Adoniram, premier artiste maudit

Gérard de Nerval, Le Voyage en Orient, 1851.
Le récit qu’entend le narrateur à Constantinople lors des soirées passées à écouter un conteur public durant le Ramadan comporte des thèmes étrangement proches de l’univers nervalien : il évoque notamment Adoniram, architecte du roi Salomon, qui constitue le premier artiste maudit et l’initiateur d’une lignée dont Nerval se considère comme le dernier rejeton.
 

Pour servir les desseins du grand roi Soliman Ben-Daoudd, son serviteur Adoniram avait renoncé depuis dix ans au sommeil, aux plaisirs, à la joie des festins. Chef des légions d'ouvriers qui, semblables à d'innombrables essaims d'abeilles, concouraient à construire ces ruches d'or, de cèdre, de marbre et d'airain que le roi de Jérusalem destinait à Adonaï et préparait à sa propre grandeur, le maître Adoniram passait les nuits à combiner des plans, et les jours à modeler les figures colossales destinées à orner l'édifice.

Il avait établi, non loin du temple inachevé, des forges où sans cesse retentissait le marteau, des fonderies souterraines, où le bronze liquide glissait le long de cent canaux de sable, et prenait la forme des lions, des tigres, des dragons ailés, des chérubins, ou même de ces génies étranges et foudroyés... races lointaines, à demi perdues dans la mémoire des hommes.

Plus de cent mille artisans soumis à Adoniram exécutaient ses vastes conceptions : les fondeurs étaient au nombre de trente mille ; les plaçons et les tailleurs de pierre formaient une armée de quatre-vingt mille hommes ; soixante et dix mille manœuvres aidaient à transporter les matériaux. Disséminés par bataillons nombreux, les charpentiers épars dans les montagnes abattaient les pins séculaires jusque dans les déserts des Scythes, et les cèdres sur les plateaux du Liban. Au moyen de trois mille trois cents intendants, Adoniram exerçait la discipline et maintenait l'ordre parmi ces populations ouvrières qui fonctionnaient sans confusion.

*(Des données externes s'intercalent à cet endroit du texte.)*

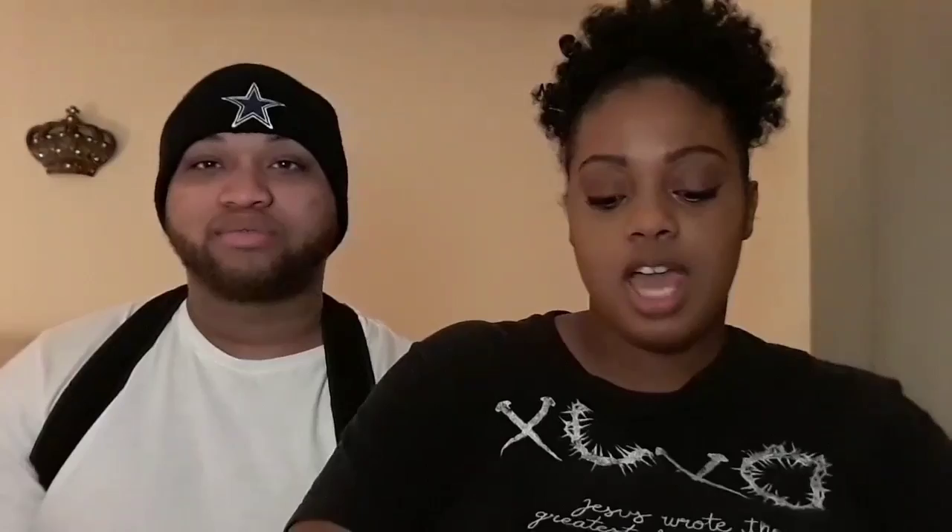Jonathan already has it on and we're just gonna show y'all exactly how this works. It comes in a zip-on baggie — I like that — and this is exactly what Jonathan has on. You put it on just like a backpack, every strap is adjustable. It comes in small, medium, or large. We have two of them and every product comes with this elastic band, like a workout thing as well.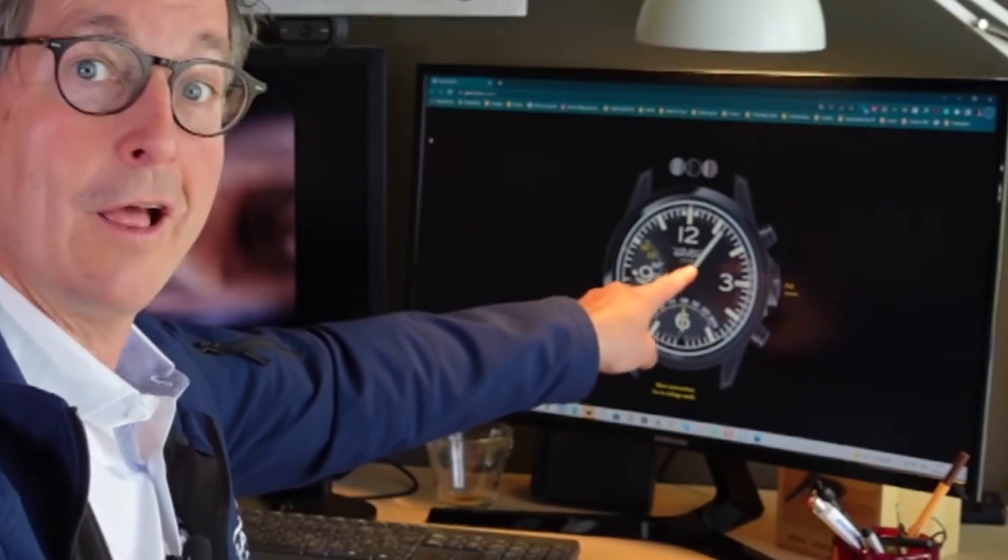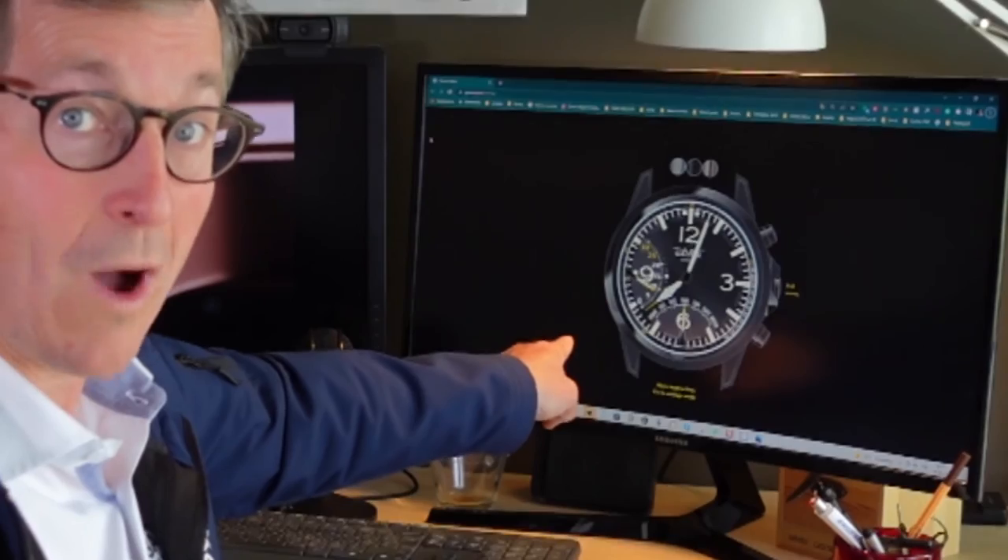I will need to show you — or send you to another video I'll create about Gavox — which explains all the features and how it works. You can also go to my website, Gavox, search for fun stuff, and check the Gavox Aurora watch to play with it and see how it works. As you see here, the hands are moving counter-clockwise — this is the countdown. This movement, Soprod-made, allows me to have bi-directional hands.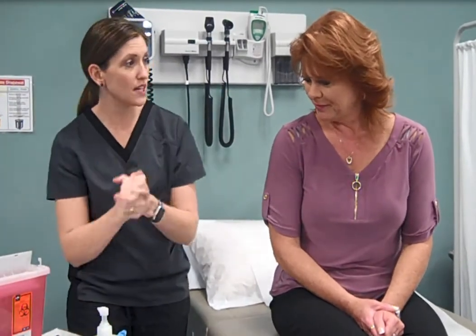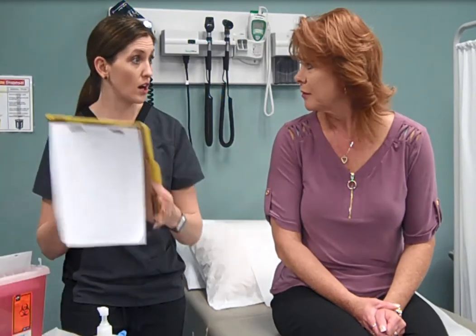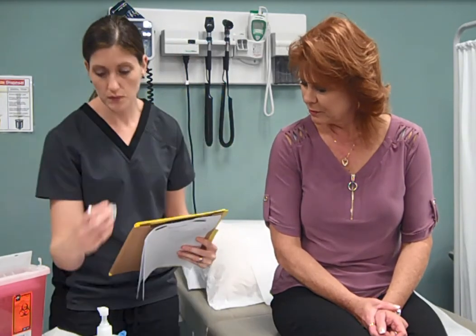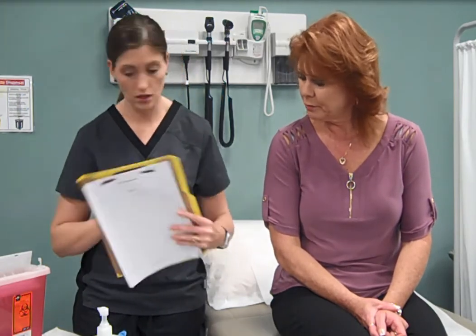This video will show you how to administer an intramuscular injection. Wash hands and introduce yourself to your patient. Identify your patient and explain the rationale for the performance of the procedure. Allow your patient to ask any questions and verify the medication with your patient.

Cependant, l'âme inquiète d'Adoniram présidait avec une sorte de dédain à des œuvres si grandes. Accomplir une des sept merveilles du monde lui semblait une tâche mesquine. Plus l’ouvrage avançait, plus la faiblesse de la race humaine lui paraissait évidente, et plus il gémissait sur l'insuffisance et sur les moyens bornés de ses contemporains. Ardent à concevoir, plus ardent à exécuter. Adoniram rêvait des travaux gigantesques ; son cerveau, bouillonnant comme une fournaise, enfantait des monstruosités sublimes, et, tandis que son art étonnait les princes des Hébreux, lui seul prenait en pitié les travaux auxquels il se voyait réduit.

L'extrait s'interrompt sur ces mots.